How To: Build an Augmented Reality Remote Assistance App

Have you ever been on the phone with customer support and struggled to describe the issue, or had the support person fail to clearly describe the solution or not understand what/where you should be looking?

Most remote assistance today is done through audio or text based chat. These solutions can be frustrating for users who may have a hard time describing their issues or understanding new concepts and terminology associated with troubleshooting whatever they need help with.

Thankfully technology has reached a point where this issue can be easily solved using Video Chat and Augmented Reality. In this guide, we’ll walk through all the steps you need to build an iOS app that leverages ARKit and video chat to create an interactive experience.

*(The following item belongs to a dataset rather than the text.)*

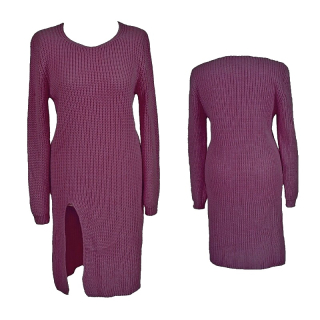 Dámský prodloužený svetr / úpletové šaty s rozparkem - vínový - vel. UNI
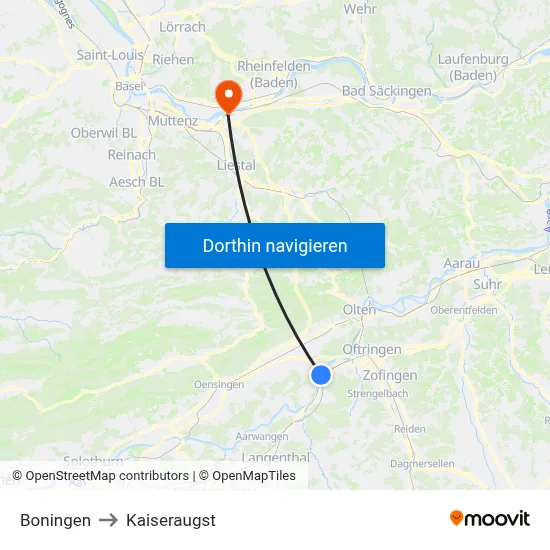 Boningen to Kaiseraugst map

  • A basic to intermediate understanding of Swift and the iOS SDK
  • Basic understanding of ARKit and Augmented Reality concepts
  • Developer Account
  • Cocoa Pods
  • Hardware: a Mac with Xcode and 2 iOS devices
    — iPhone: 6S or newer
    iPad: 5th Generation or newer

Please Note: While no Swift/iOS knowledge is needed to follow along, certain basic concepts in Swift/ARKit won’t be explained along the way.


The app we are going to build is meant to be used by two users who are in separate physical locations. One user will input a channel name and CREATE the channel. This will launch a back-facing AR-enabled camera. The second user will input the same channel name as the first user and JOIN the channel.

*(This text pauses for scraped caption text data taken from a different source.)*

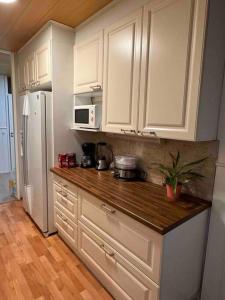 A kitchen or kitchenette at Comfortable apartment near Helsinki airport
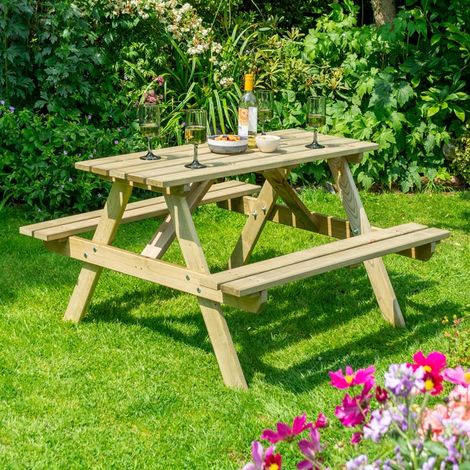 Rowlinson Traditional Picnic Table 1.2m (1/5)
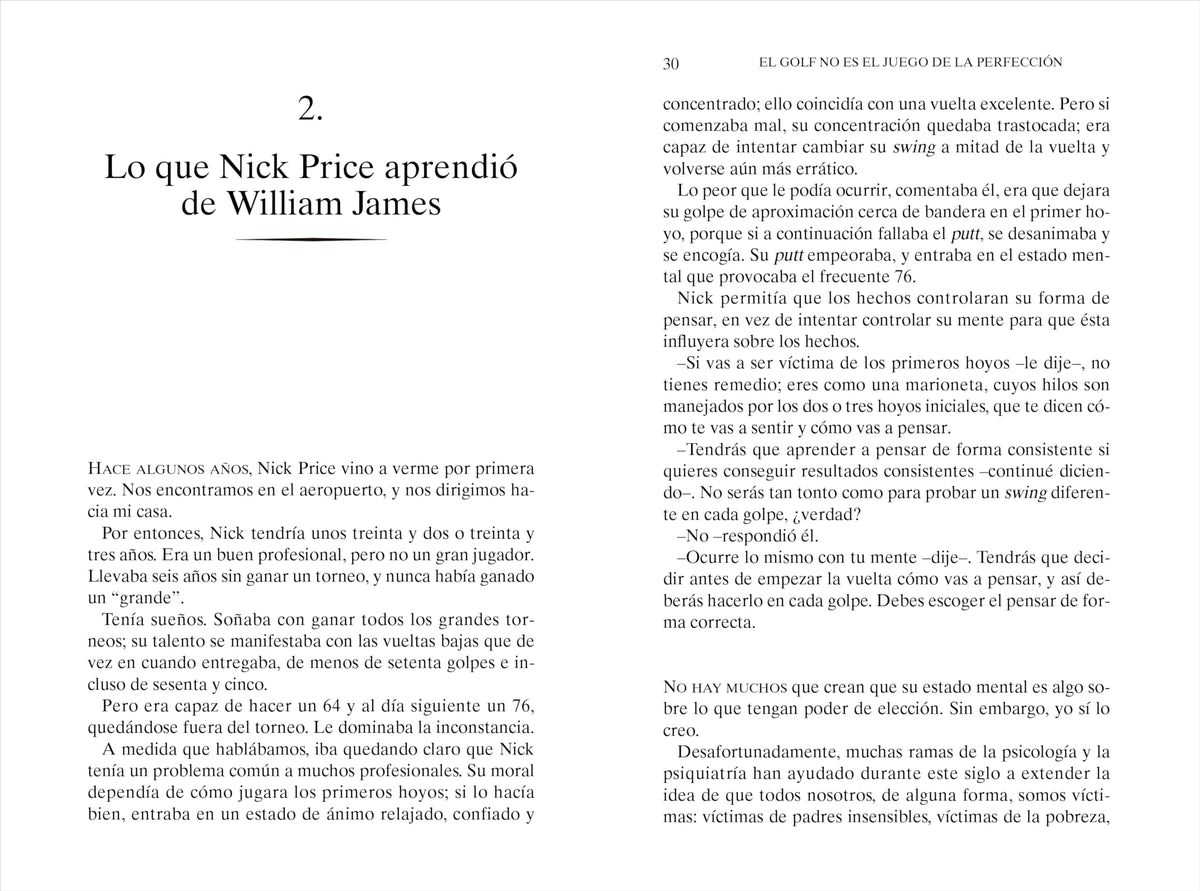 Ediciones Tutor golf not the game of perfection interior page with strategies to boost confidence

Once both users are in the channel, the user that created the channel will broadcast their rear camera into the channel. The second user has the ability to draw on their local screen, and have the touch input displayed in augmented reality in the first user’s world.

Let’s take a moment to review all the steps that we’ll be going through:

  1. Download and build starter project
  2. Project structure overview
  3. Add video chat functionality
  4. Capture and normalize touch data
  5. Add data transmission
  6. Display touch data in augmented reality
  7. Add “Undo” functionality

Getting Started with the Starter Project

I have created a starter project for this tutorial that includes the initial UI elements and buttons, including the bare-bones AR and remote user views.

Let’s start by downloading the repo above. Once all the files have finished downloading, open the Terminal window to the project’s directory and run pod install to install all dependencies. Once the dependencies have finished installing, open the AR Remote Support.xcworkspace in Xcode.

Once the project is open in Xcode, let’s build and run the project using the iOS simulator. The project should build and launch without issue.

Add a channel name, then click Join and Create buttons, to preview the UI’s that we will be working with.

Project Structure Overview

Before we start coding, let’s walk through the starter project files to understand how everything is setup. We’ll start with the dependencies, then go over the required files, and lastly we’ll take a look at the custom classes that we’ll be working with.

Within the Podfile, there are two 3rd-party dependencies:’s Real-Time Communications SDK, facilitates in building video chat functionality; ARVideoKit’s open-source renderer, facilitates using the rendered AR view as a video source. The reason we need an off-screen renderer is because ARKit obfuscates the rendered view, so we need a framework to handle the task of exposing the rendered pixelbuffer.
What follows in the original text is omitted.